Character variables can also participate in arithmetic operations.

char a = 'B'; // Equivalent to char a = 66;
char b = 'C'; // Equivalent to char b = 67;

printf("%d\n", a + b); // Outputs 133

Here, adding a and b is treated like adding two integers, and %d prints the result as a decimal integer, yielding 133.

Single quotes themselves are characters, so to represent a single quote in a character constant, you need to escape it.

1	char t = '\'';

In this case, t holds the single quote character. Since character constants must be in single quotes, the internal single quote needs to be escaped.

Escape sequences are also used to represent unprintable control characters, which are part of the character type values:

\a: Alert (causes an alert sound or visual flash)
\b: Backspace (moves the cursor back one character without deleting it)
\f: Form feed (moves the cursor to the next page; in modern systems, it behaves like \v)
\n: Newline
\r: Carriage return (moves the cursor to the start of the line)
\t: Horizontal tab (moves the cursor to the next tab stop, usually every 8 characters)
\v: Vertical tab (moves the cursor to the next vertical tab stop, usually the same column on the next line)
\0: Null character (represents no content; different from the number 0)

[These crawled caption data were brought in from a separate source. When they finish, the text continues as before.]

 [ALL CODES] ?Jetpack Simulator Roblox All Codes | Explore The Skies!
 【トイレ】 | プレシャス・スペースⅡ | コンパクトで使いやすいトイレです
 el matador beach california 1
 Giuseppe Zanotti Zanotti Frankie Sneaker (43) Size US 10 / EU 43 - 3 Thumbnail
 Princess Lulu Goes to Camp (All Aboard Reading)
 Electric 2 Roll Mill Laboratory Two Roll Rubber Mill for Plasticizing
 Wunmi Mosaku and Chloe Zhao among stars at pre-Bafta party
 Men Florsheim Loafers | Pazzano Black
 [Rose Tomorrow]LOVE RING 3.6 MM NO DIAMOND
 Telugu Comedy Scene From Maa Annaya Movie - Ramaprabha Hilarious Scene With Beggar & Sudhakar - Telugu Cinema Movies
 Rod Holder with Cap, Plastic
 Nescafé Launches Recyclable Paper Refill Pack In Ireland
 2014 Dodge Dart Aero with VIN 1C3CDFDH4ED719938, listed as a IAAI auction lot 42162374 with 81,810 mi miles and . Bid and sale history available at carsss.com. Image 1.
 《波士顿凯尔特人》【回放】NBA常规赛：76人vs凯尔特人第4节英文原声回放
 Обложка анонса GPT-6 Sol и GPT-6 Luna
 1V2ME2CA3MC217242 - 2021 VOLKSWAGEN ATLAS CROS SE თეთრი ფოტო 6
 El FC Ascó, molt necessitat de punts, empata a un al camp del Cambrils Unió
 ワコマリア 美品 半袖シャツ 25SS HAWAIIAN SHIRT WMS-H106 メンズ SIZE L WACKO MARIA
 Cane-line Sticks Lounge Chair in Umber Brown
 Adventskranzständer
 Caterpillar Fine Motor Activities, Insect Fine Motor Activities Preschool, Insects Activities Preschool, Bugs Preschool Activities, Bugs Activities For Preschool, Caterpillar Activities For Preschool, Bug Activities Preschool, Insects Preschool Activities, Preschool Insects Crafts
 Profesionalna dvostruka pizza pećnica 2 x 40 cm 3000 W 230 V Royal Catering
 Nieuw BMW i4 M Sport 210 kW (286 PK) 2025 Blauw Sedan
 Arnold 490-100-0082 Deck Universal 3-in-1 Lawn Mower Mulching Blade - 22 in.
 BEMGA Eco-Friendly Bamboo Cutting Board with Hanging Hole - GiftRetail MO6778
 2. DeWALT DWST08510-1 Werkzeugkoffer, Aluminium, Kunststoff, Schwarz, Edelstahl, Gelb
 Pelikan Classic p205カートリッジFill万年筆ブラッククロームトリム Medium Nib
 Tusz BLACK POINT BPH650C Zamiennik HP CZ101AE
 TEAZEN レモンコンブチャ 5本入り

Escape sequences can also use octal and hexadecimal notation:

\nn: Octal representation of the character, where nn is the octal value
\xnn: Hexadecimal representation of the character, where nn is the hexadecimal value

char x = 'B';
char x = 66;
char x = '\102'; // Octal
char x = '\x42'; // Hexadecimal

All four of these declarations are equivalent.

Integer Types

Overview

In C, integer types are used to represent whole numbers. The type is declared using the int keyword.

int a;

In the example above, an integer variable a is declared.

The size of the int type can vary between different computers. Commonly, an int is stored in 4 bytes (32 bits), but it can also be 2 bytes (16 bits) or 8 bytes (64 bits). The ranges of integers that these types can represent are as follows:

16-bit: -32,768 to 32,767
32-bit: -2,147,483,648 to 2,147,483,647
64-bit: -9,223,372,036,854,775,808 to 9,223,372,036,854,775,807

Signed and Unsigned

In C, the signed keyword indicates that a type can hold both positive and negative values. Conversely, the unsigned keyword means the type can only hold zero and positive values.

By default, int is signed, which means int is equivalent to signed int. Although the signed keyword is usually omitted, it is not incorrect to include it.

1 2	signed int a; // Equivalent to int a;

To declare an int without a sign (only non-negative values), use the unsigned keyword:

1	unsigned int a;

An unsigned int can represent a larger maximum value compared to a signed int of the same size. For instance, a 16-bit signed int has a maximum value of 32,767, while an unsigned int can go up to 65,535.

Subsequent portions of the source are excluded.